Monday 3 April 2017

Why do Press Reviewers seem to ignore Indie Writers?


The world of book publishing has been changing for some time. The recession saw the big name houses less willing to take a punt on new authors and instead choosing to stick mainly with established names or prostituting themselves with an onslaught of celebrity bios.

No wonder so many writers went down the indie route. With the advent of Amazon Kindle and 'Print on Demand' tools, they've been able to access a vast audience without having to relinquish a substantial slice of their income to either the publishers themselves or the increasingly irrelevant agents the industry still insists on using as go-betweens.

But the downside of DIY publishing is that the market has become flooded with mediocrity, making it more difficult for real talent to rise to the surface. Quality is being stifled by the sheer weight of titles a potential buyer has to trawl through, often leading to disappointment in the choices they make.


A case in point: British chicklit author Amanda Egan's books all carry 4.5 - 5*star ratings/reviews in Amazon's bookstore - and have often featured in Top 50 filters and even #1 in certain categories - but can sometimes also languish in mid-division amidst a tide of free or have-a-go wannabe titles. This is primarily due to Amazon's woefully inadequate classification system, where amateur erotica sits incongruously next to legitimate romance novels. Amazon don't even have anything as straightforward as a 'chicklit' category when writers upload their books - surely one of the biggest markets out there with heavily promoted women's writers like Jill Mansell, Marian Keyes and Sophie Kinsella.
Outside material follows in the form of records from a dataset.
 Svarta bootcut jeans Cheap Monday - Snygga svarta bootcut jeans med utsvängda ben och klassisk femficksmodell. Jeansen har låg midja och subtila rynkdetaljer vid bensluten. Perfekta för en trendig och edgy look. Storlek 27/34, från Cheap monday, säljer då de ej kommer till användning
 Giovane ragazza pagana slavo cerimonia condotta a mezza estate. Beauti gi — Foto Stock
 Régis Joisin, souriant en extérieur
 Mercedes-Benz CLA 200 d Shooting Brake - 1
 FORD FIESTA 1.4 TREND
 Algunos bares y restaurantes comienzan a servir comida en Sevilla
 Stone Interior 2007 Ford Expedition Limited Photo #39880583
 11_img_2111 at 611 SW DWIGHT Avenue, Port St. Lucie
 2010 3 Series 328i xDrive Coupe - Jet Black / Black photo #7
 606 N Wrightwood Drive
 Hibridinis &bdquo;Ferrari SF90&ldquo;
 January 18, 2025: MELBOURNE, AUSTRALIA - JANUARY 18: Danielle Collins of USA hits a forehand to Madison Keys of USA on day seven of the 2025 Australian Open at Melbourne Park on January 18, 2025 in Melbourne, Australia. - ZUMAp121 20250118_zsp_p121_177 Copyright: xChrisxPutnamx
So to some extent it's understandable that many romance/romcom indies slip under the radar of newspaper and magazine book reviewers - for a while eBooks appeared in their automatically generated Top 20 lists, but these were dropped when they became distorted by freebie downloads and other manipulated promotions.

But I can't help but sense a certain snobbery against writers who don't rise up through the conventional publishing channels - perhaps because only the author and the outlet benefit financially - and readers ares therefore having their choices largely dictated to by media reviewers who perhaps ignore or are not even aware of a wealth of indie talent out there.

Dare I speculate that they, or their employers, are in the publishers' pockets? - or that they perhaps find it easier just to read the books that land on their desks because the publishers have the distribution means and resources to get them there?

I hope that's not the case - and I concede that E L James may be a rare exception - but it's become my mission to raise the indie profile. It begins here.